Task to complete: Retype, please, the listing from its opening line through the line that contains "men's tracksuits sets", both included, without the pictures.

Data provided:
★ ★ ★

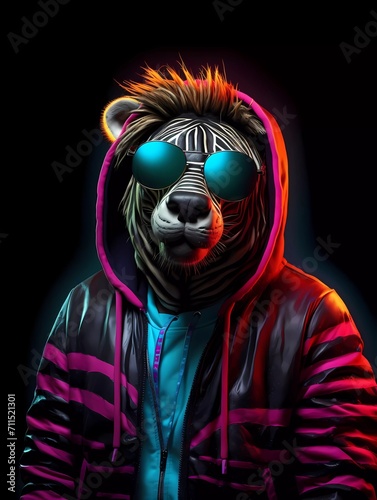 DJ zebra wears sunglasses and a hoodie  with colorful neon lights. generative ai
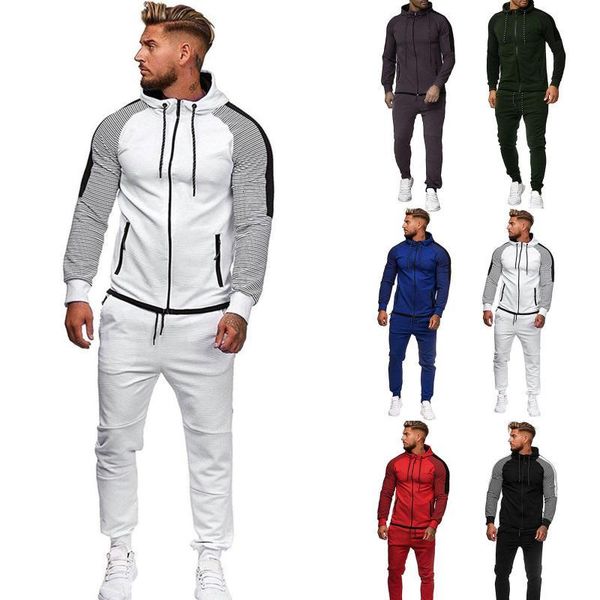 

men's tracksuits sets gradient zipper print man fashion casual mens two-piece patchwork chest pocket pants sports fitness suits 7rfi, Gray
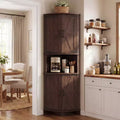 65 Farmhouse Corner Cabinet, Wood Kitchen Pantry Cabinet with Adjustable Shelves, Freestanding Buffet Hutch Cabinet for Kitchen, Living Room, White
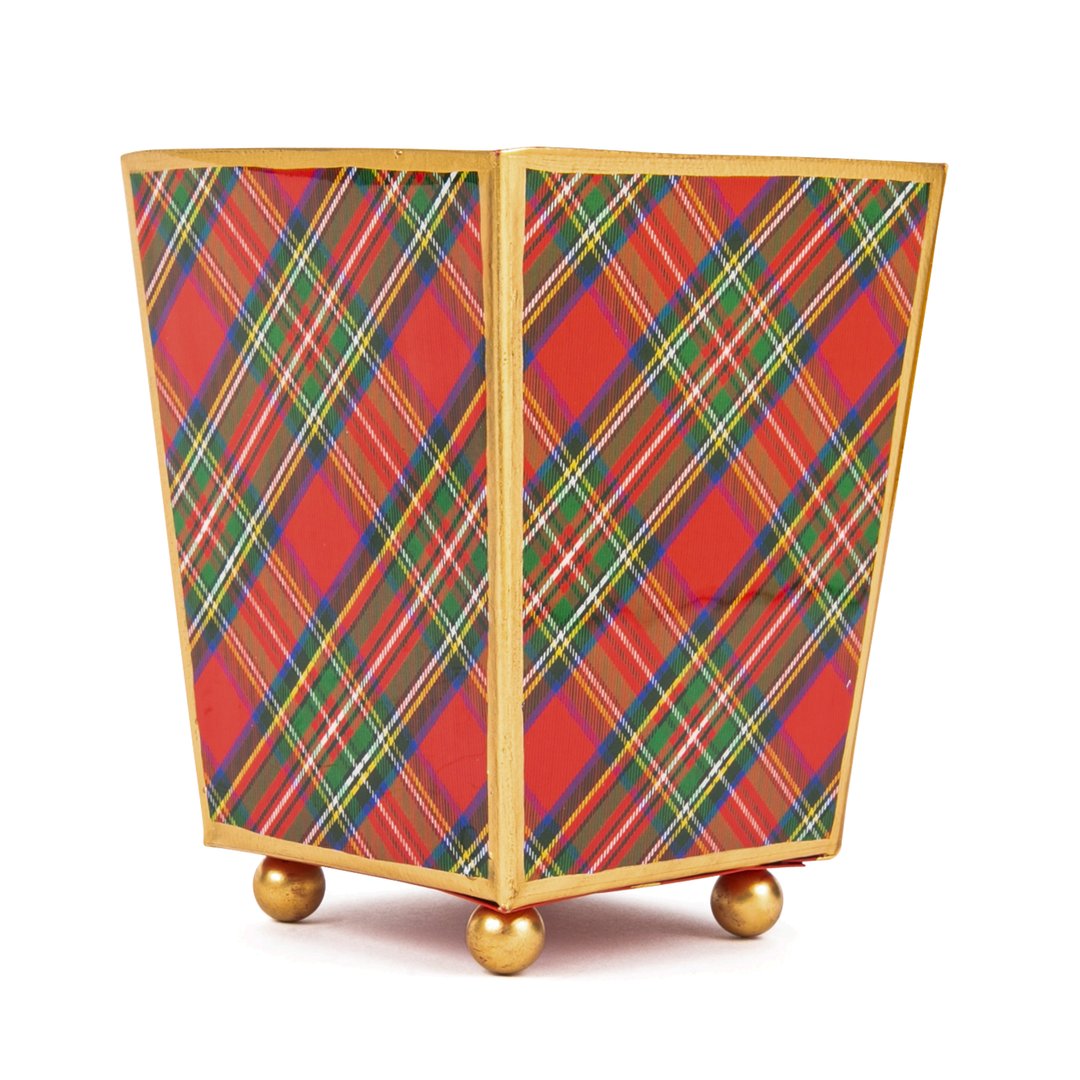 Red Tartan Cachepot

★ ★ ★

The completed task:
 DJ zebra wears sunglasses and a hoodie  with colorful neon lights. generative ai

men's tracksuits sets gradient zipper print man fashion casual mens two-piece patchwork chest pocket pants sports fitness suits 7rfi, Gray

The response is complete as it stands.